Please give back exactly the line with "Обезьянка Майя. Тайган" and each line after it through the end of the material, leaving out the pictures.

▸ **Information provided**
--- START ---

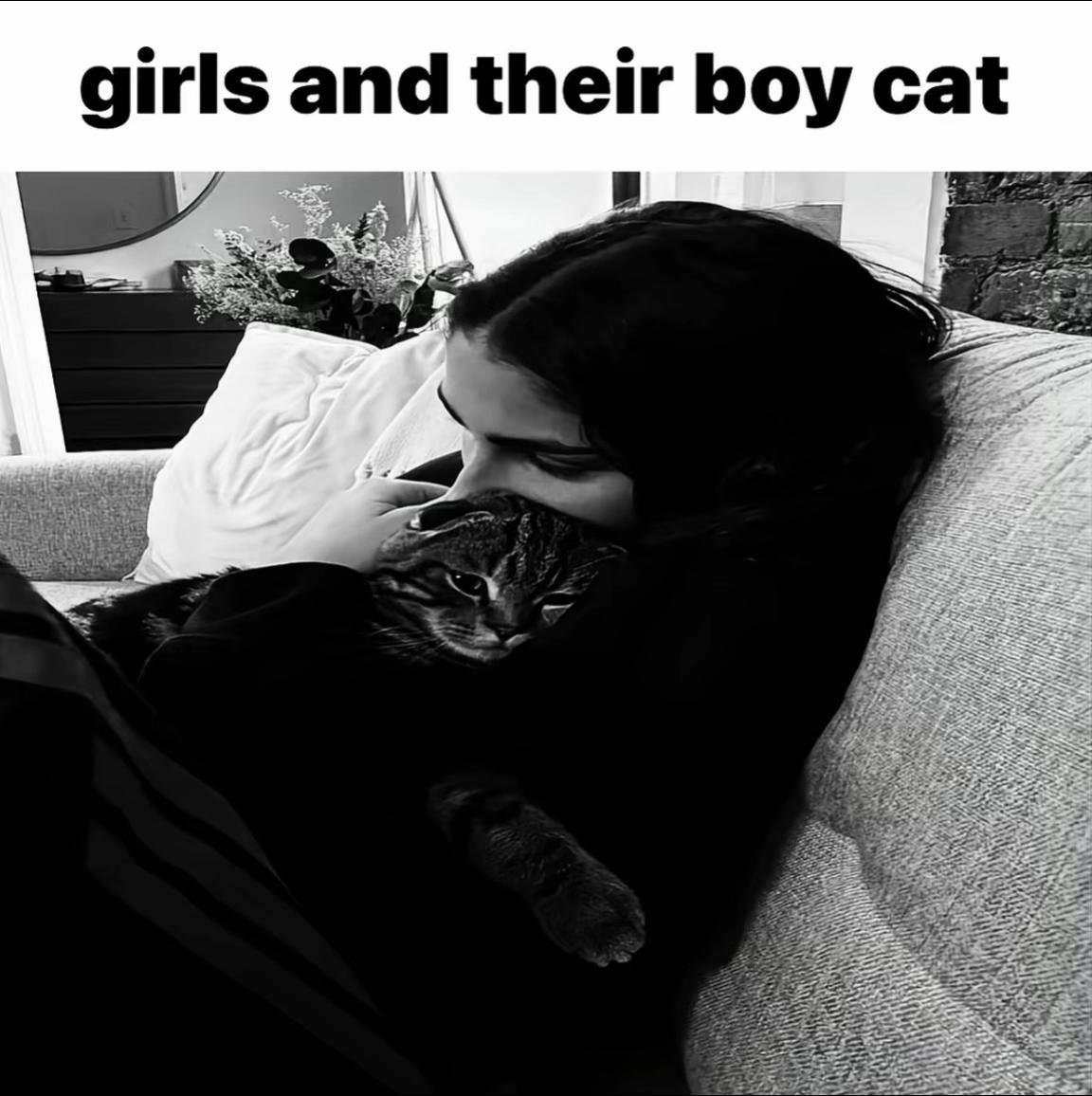 @feline ✿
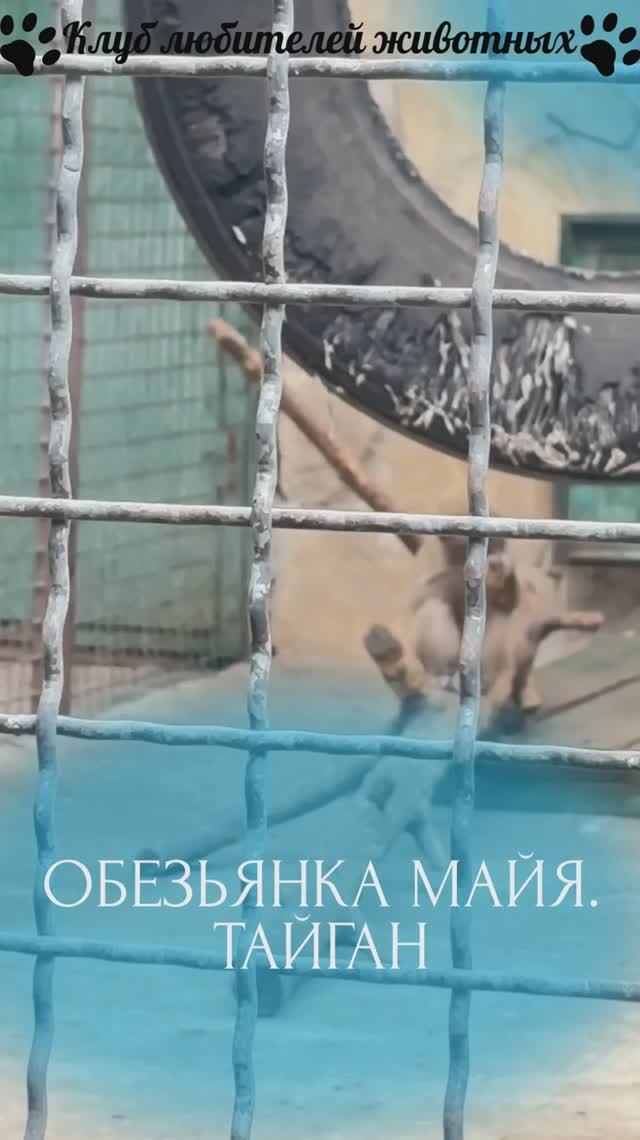 Обезьянка Майя. Тайган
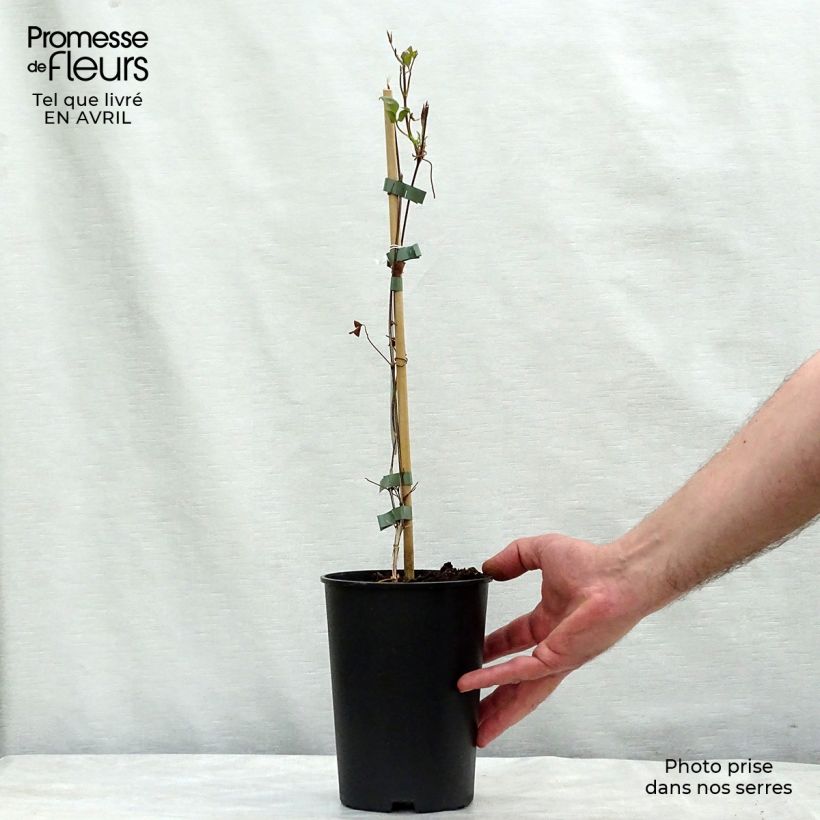 Exemplar von Clematis florida Fond Memories - Waldrebe Topf mit 2L/3L wie im Frühjahr geliefert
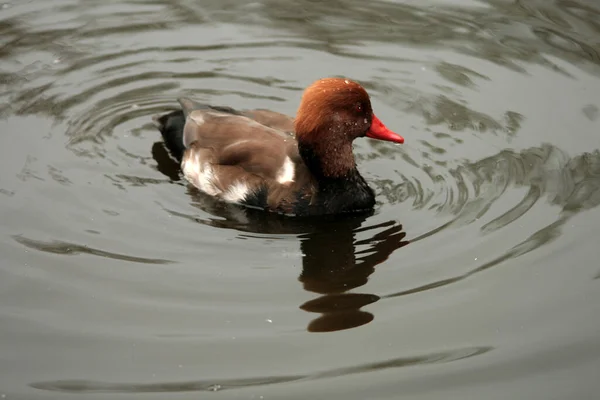 Ein Gepflegter Rotschopf Schwimmt Einem Teich — Stockfoto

--- END ---

▸ **Exercise output**
 Обезьянка Майя. Тайган
 Exemplar von Clematis florida Fond Memories - Waldrebe Topf mit 2L/3L wie im Frühjahr geliefert
 Ein Gepflegter Rotschopf Schwimmt Einem Teich — Stockfoto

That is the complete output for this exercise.